Oakton High School students are getting an opportunity to see one of their favorite teachers unravel in front of a crowd, but it’s not what one might think.
Drama teacher Vanessa Gelinas stars in “God of Carnage,” a dark comedy by French playwright Yasmina Reza about two sets of parents thrown together after a playground fight between their 11-year-old sons.
In the play, the adults meet to hash out what happened on the playground between their children. But the result of this well-mannered attempt at civility is some adolescent behavior in a living room setting.
The play is being staged at Signature Theatre in Arlington County.
Gelinas, of Reston, portrays Annette Raleigh, the mother of the aggressor in the story.
“She’s in wealth management, and she’s married to a lawyer,” Gelinas said. “She’s a full-time working woman, and her husband travels about. . . . You get the sense that she’s not as hands-on as the other parents [of the victim in this story]. There’s some guilt there for her in that.”
Dressed in a power suit and smugness, Gelinas’s character goes from hair-up, put-together professional to hair-down, pillow-wielding pariah during the one-act, 70-minute production.
“I am also a working mom, so I kind of understand where she’s coming from,” said Gelinas, whose son is 10.
While performing in the play allows Gelinas to take lessons from the classroom to the stage, the opportunity has meant balancing her day job with being a professional actress.

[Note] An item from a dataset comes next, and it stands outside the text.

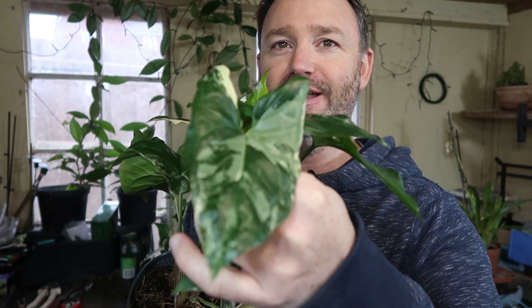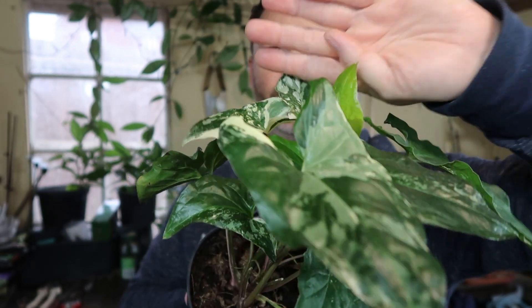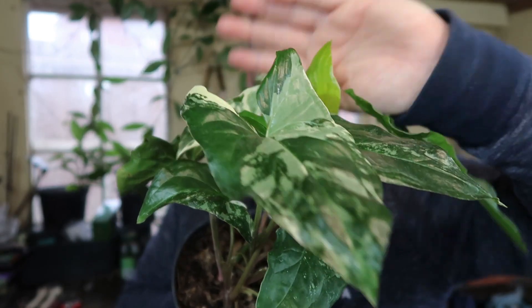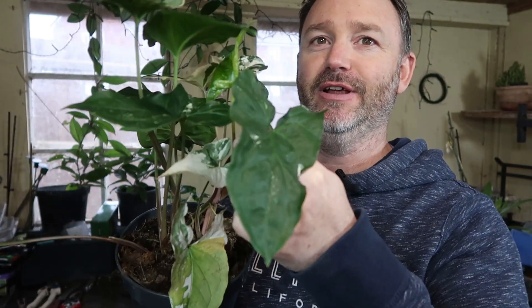The Syngonium is otherwise known as the arrowhead plant because of the leaf shape. That's not a particularly mature one, but you can see the arrowhead look to the leaves. Really beautiful.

During the play’s rehearsals, which began in March, Gelinas took three weeks of leave from teaching.
“I had to give up vacation time to make this work,” she said. “Now I’m teaching during the day and performing during the night. When I get home, I need to come down. I organize my closet and stuff like that.”
Practicing what she preaches in her classroom means long days. Gelinas performs eight shows per week, with no shows Monday nights and two on Saturdays and Sundays.
“It’s what I went to school for,” she said. “I didn’t set out to be a teacher. . . . What it’s taught me is that I really like to be a director.”
Like a baseball coach stepping up to bat, Gelinas said, “it allows me to use that muscle that I haven’t been able to use.”
Oakton High School senior Joe Flynn, 17, saw Gelinas perform recently and said it gave him a new view of his teacher.
“I loved it. Seeing a teacher perform on stage gives you a new respect for her,” said Flynn, who wants to be an actor. “When people think about high school teachers, they think — not that they’re dried up — but that they aren’t doing much anymore” in terms of outside of the classroom. “Aside from the stress level of being in a show and teaching, you can see the difference between when she’s in a show and not in her level of happiness. She’s just happier.”
Junior drama student Caroline Werenskjold, 17, agreed. “She always comes in and brings new ideas to our rehearsals. . . . She has more creative ideas about how to deal with things,” Werenskjold said.
Although she and Gelinas bicker on stage, Naomi Jacobson, the other mother in “God of Carnage,” said having a teacher also perform professionally is of great value to Oakton’s students.
“I think Vanessa’s students are incredibly lucky to have a professional actress of her caliber who has chosen to teach at the high school level,” said Jacobson, an adjunct professor at the University of Maryland. “Her craft, artistry and understanding of the practical demands of performing, not just theory, make her a valuable resource, especially for any of those students who are considering theater or film as a profession. They will be way ahead of the game when they go to their next level of training.”